Donc, nous ferons ce travail ! Toutefois, mesdames, messieurs les sénateurs, vous verrez qu’à l’occasion de ce travail, auquel nous invitait tout à l’heure le sénateur Vincent Delahaye, que je salue pour la qualité de ses interventions, nous ne serons pas d’accord sur les dépenses à retenir ou à supprimer, ni sur le modèle social que nous voulons faire prévaloir. Nous ne serons pas d’accord sur tous ces points car, même lorsque l’objectif de la dépense publique est affiché, il demeure des sensibilités dans ce pays qui témoignent du fait que la conception du service public et de la protection sociale n’est pas la même selon la famille politique à laquelle on appartient et la maison dans laquelle on habite. (Applaudissements sur les travées du groupe socialiste. – M. Alain Bertrand applaudit également.)

Voilà le chemin, voilà le travail qui nous attend ! Il est difficile. Il est compliqué. Il nécessitera du courage et suscitera des impopularités. Mais ce qui compte, à la fin, c’est de savoir si l’on a aidé son pays à se redresser, si l’on a fait en sorte que ses comptes soient plus sains, si les services publics et la protection sociale, qui sont le patrimoine de ceux qui n’ont rien, ont été préservés, protégés, et pour longtemps ! (Bravo ! et applaudissements sur les travées du groupe socialiste et sur certaines travées du RDSE.)

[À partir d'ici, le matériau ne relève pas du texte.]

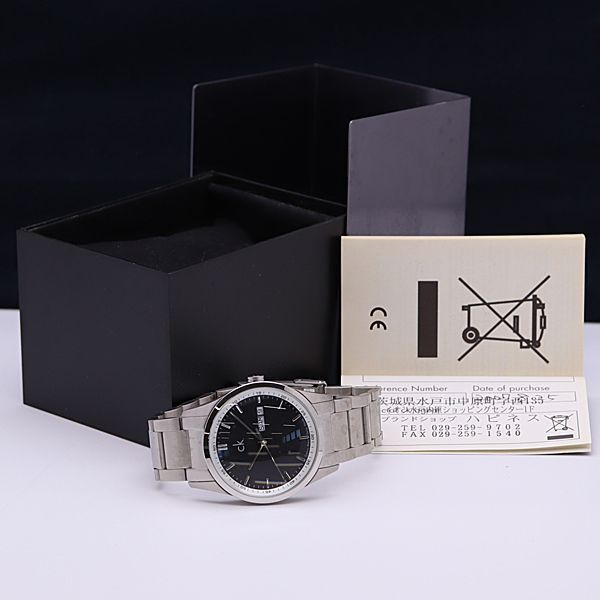 1円 稼働 良品 QZ 箱/保付 カルバンクライン K22311 30m デイデイト 黒文字盤 メンズ腕時計 OKZ 2000000 3NBG2の画像5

M. le président. Personne ne demande plus la parole ?...

Je mets aux voix, par un vote unique, les articles modifiés par les amendements soumis à seconde délibération, ainsi que l’ensemble de la première partie du projet de loi de finances pour 2014.

Je rappelle que, aux termes de l'article 59 du règlement, le scrutin public ordinaire est de droit.

Il va y être procédé dans les conditions fixées par l'article 56 du règlement.

Le scrutin est ouvert.

(Le scrutin a lieu.)

M. le président. Personne ne demande plus à voter ?…

Le scrutin est clos.

J'invite Mmes et MM. les secrétaires à procéder au dépouillement du scrutin.

(Il est procédé au dépouillement du scrutin.)

M. le président. Voici le résultat du scrutin n° 88 :

Nombre de votants 338
Nombre de suffrages exprimés 323
Pour l’adoption 143
Contre 180

Le Sénat n'a pas adopté les articles modifiés par les amendements soumis à seconde délibération, ainsi que l’ensemble de la première partie du projet de loi de finances pour 2014.

En conséquence, le projet de loi de finances pour 2014 est considéré comme rejeté.